Records from a data source
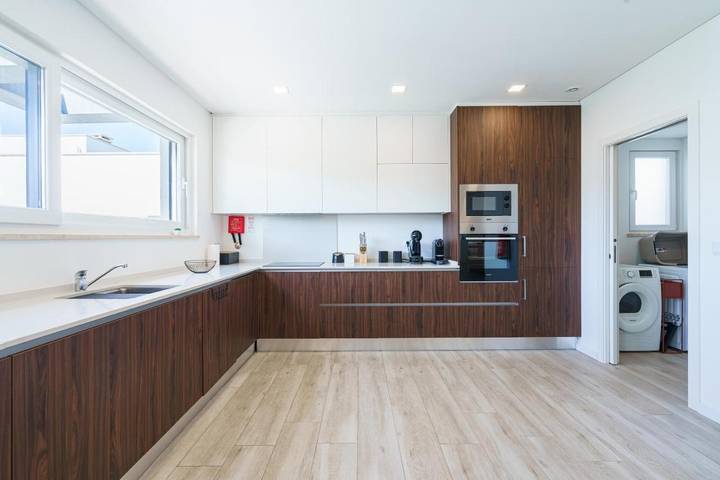 Chalet para 6 personas, con piscina además de jardín y jacuzzi, Se admiten mascotas en Lisboa y alrededores - 4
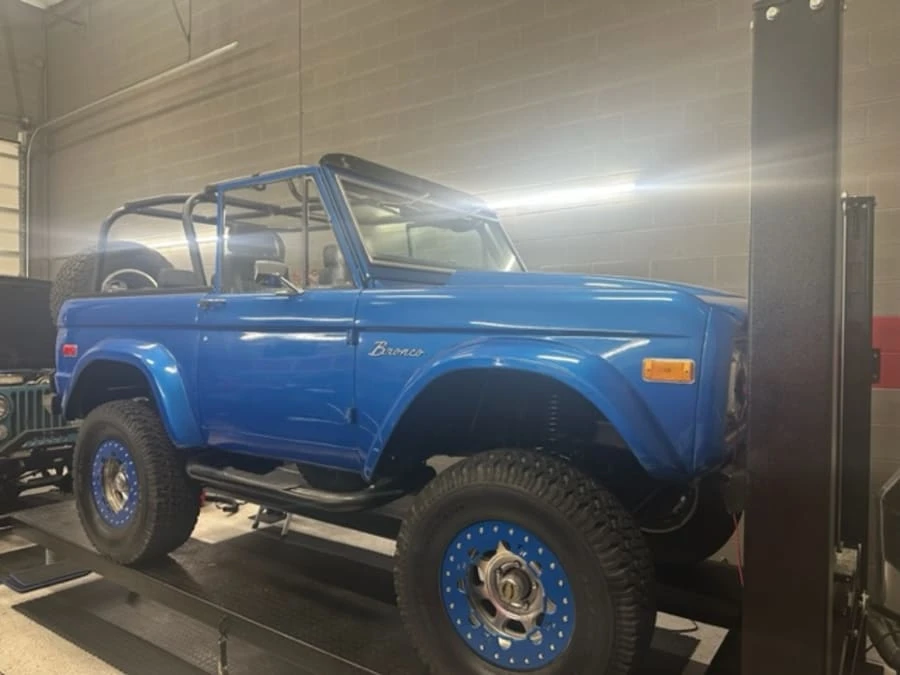 1976 Ford Bronco 1st Gen - Image 8 of 31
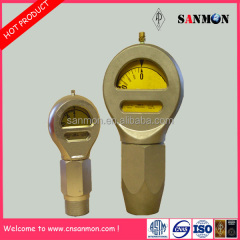 Type D mud pump pressure gauge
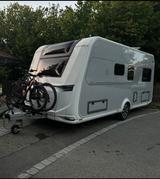 Knaus Azur 540 UE, wie Neu, Listenpreis 64t € - Knaus Wohnwagen Azur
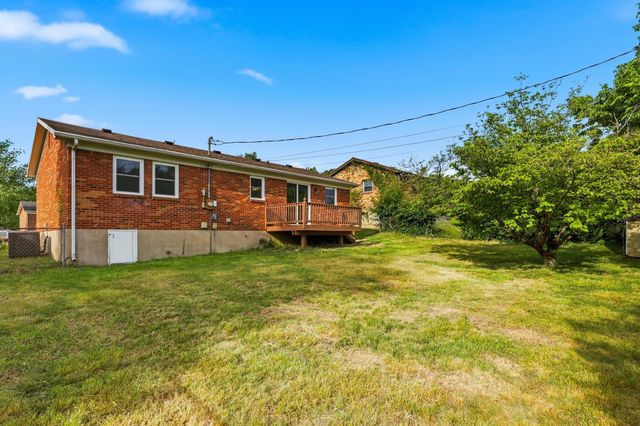 613 Wagonwheel Road, Richmond, KY 40475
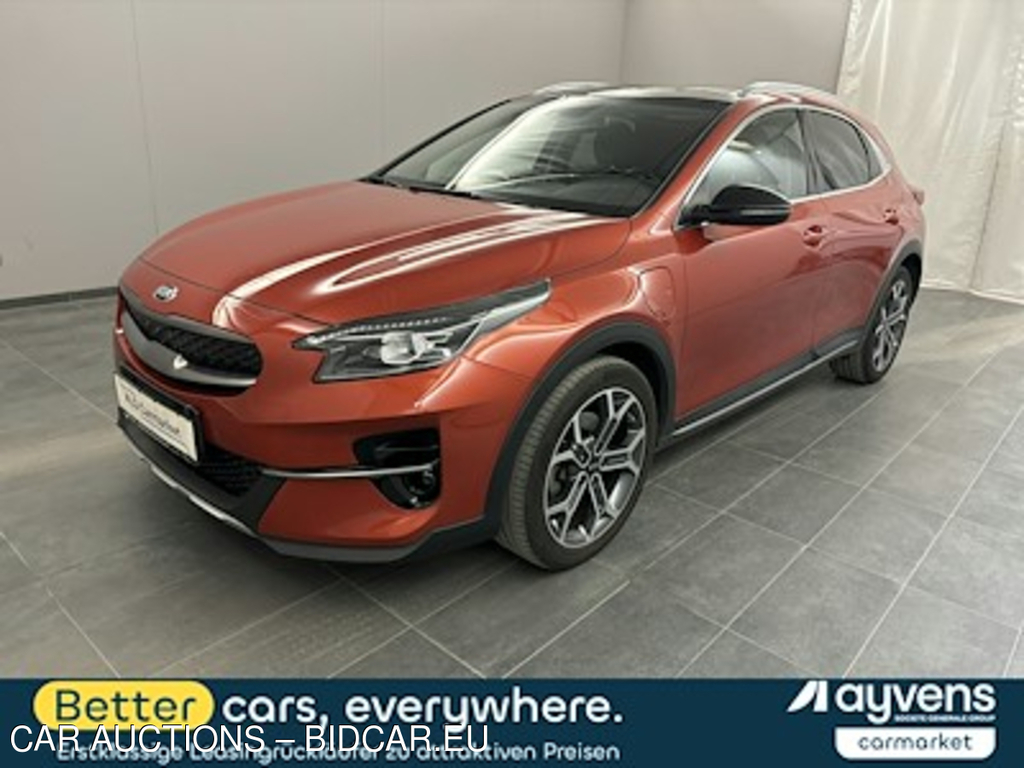 Kia XCeed 1.6 GDI DCT6 OPF Plug-in-Hybrid Platinum Edition Geschlossen, 5-turig, Automatik, 6-Gang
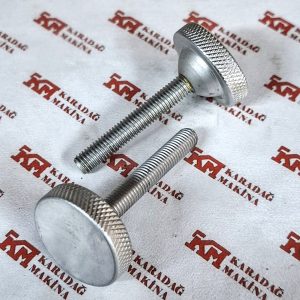 TRAŞ TOPAÇ GERGİ YAY VİDASI (801-130)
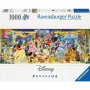 Puzzle Panorama - Disney Gruppenfoto (1000 elementów)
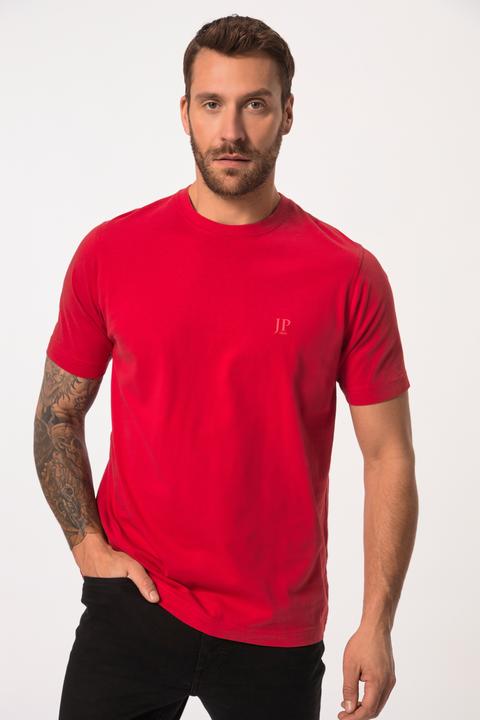 Immagine prodotto JP1880 T-shirt basic in confezione doppia con scollo a girocollo, disponibili fino alla tg. 8XL (XXL)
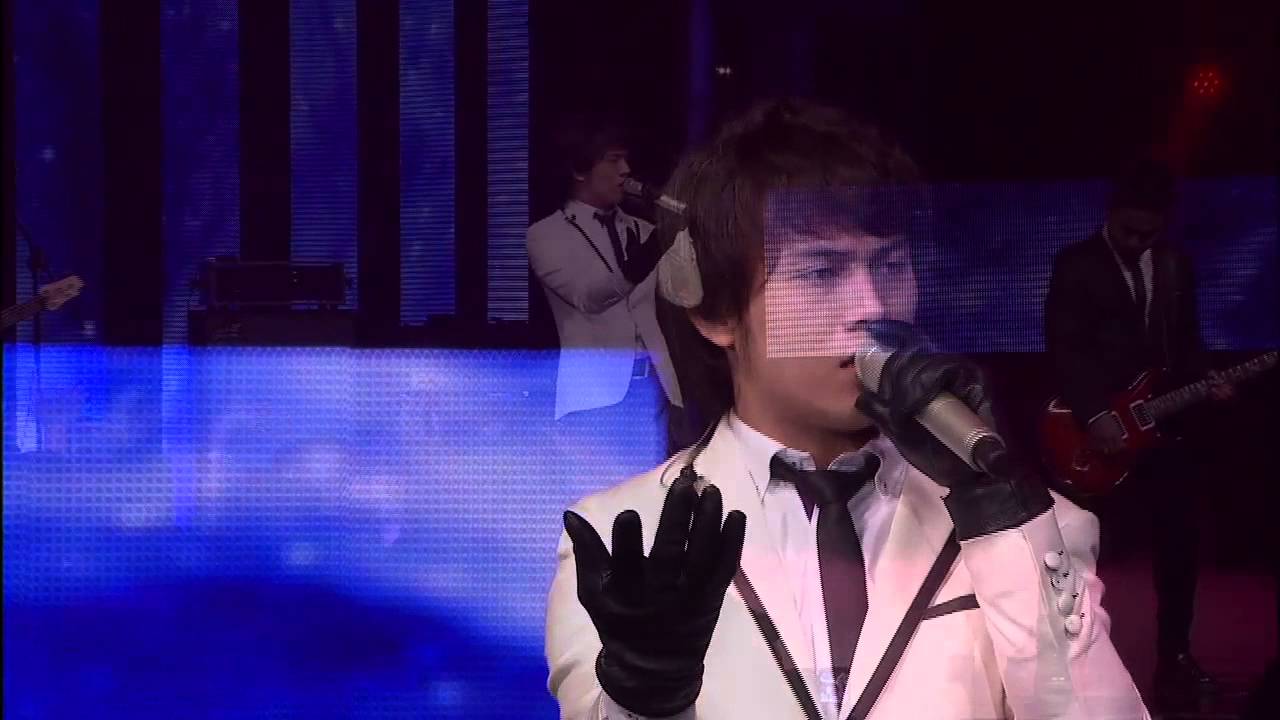 Anugerah MeleTOP Era 2015 - Persembahan Akim & The Majistret 'Mewangi'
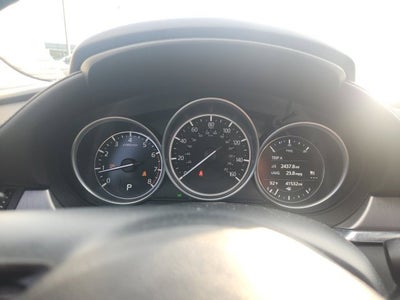 2021 Mazda Mazda6 Grand Touring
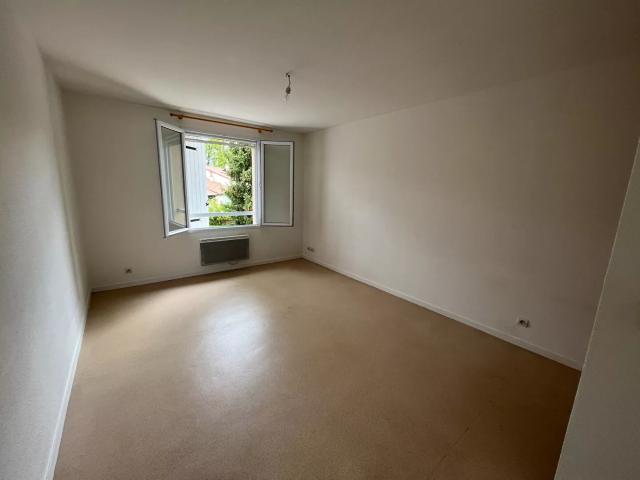 MIGNALOUX Appartement Type 1 de 27 m²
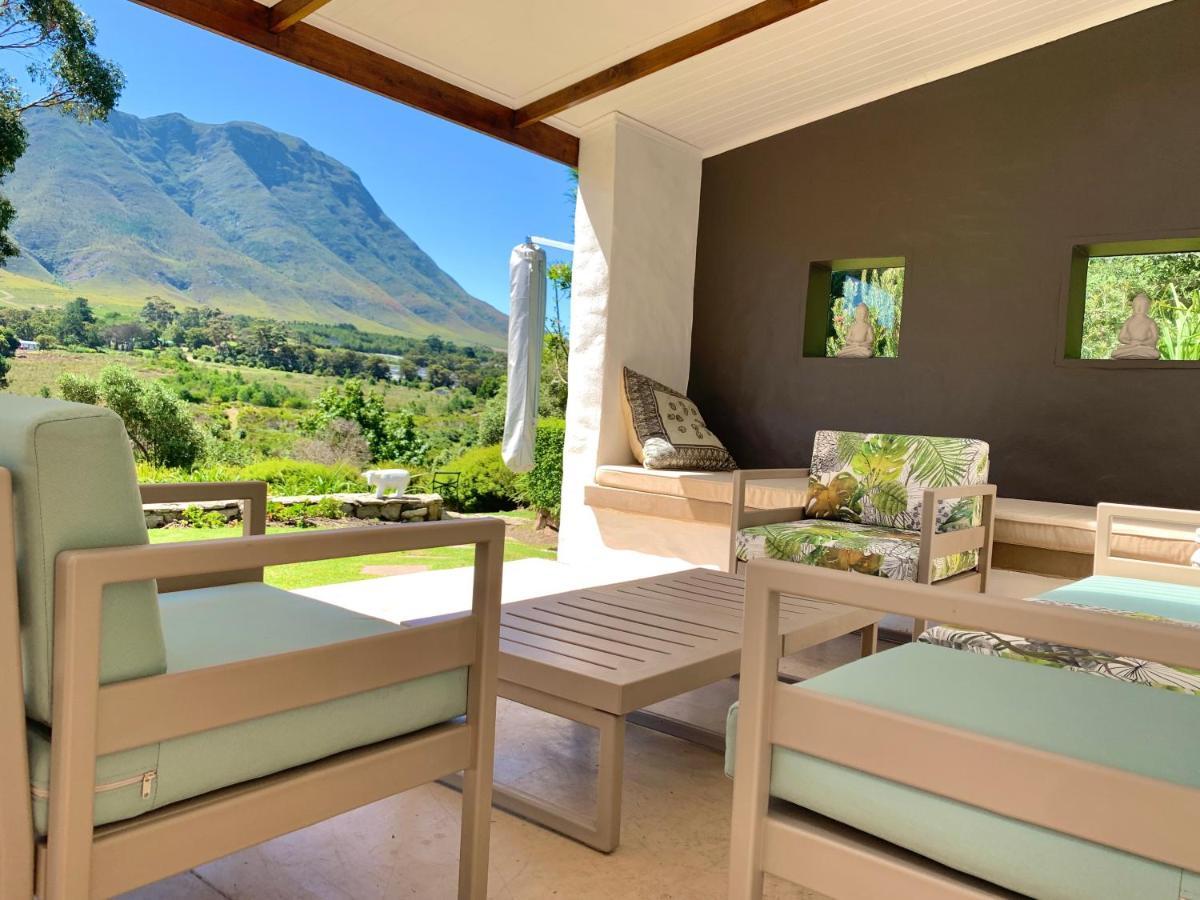 The Guardian Hermanus Luxury Self-Catering Hemel En Aarde Valley Apartment Bagian luar foto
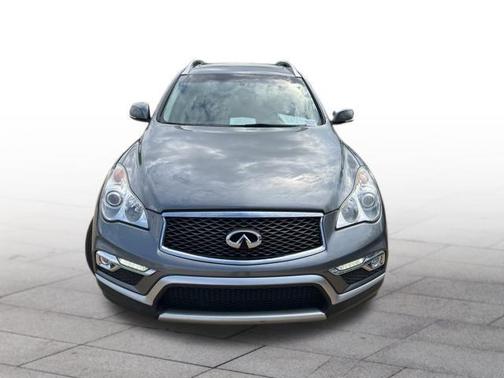 2017 INFINITI QX50 Base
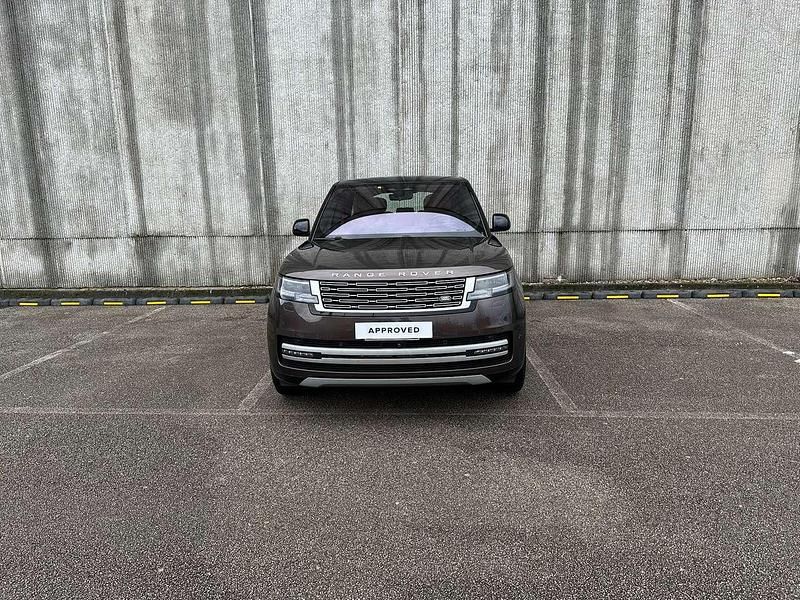 Usata Land Rover Range Rover Autobiography 400 CV (294 kW) 2022 Marrone SUV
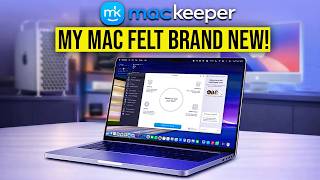 Mac Running Slow? MacKeeper Might Be The Answer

### TASK TO COMPLETE
With the pictures left out, copy exactly the lines from the one containing "2017 INFINITI QX50 Base" through the final line of the records above, both included.

### RESPONSE TO THE TASK
 2017 INFINITI QX50 Base
 Usata Land Rover Range Rover Autobiography 400 CV (294 kW) 2022 Marrone SUV
 Mac Running Slow? MacKeeper Might Be The Answer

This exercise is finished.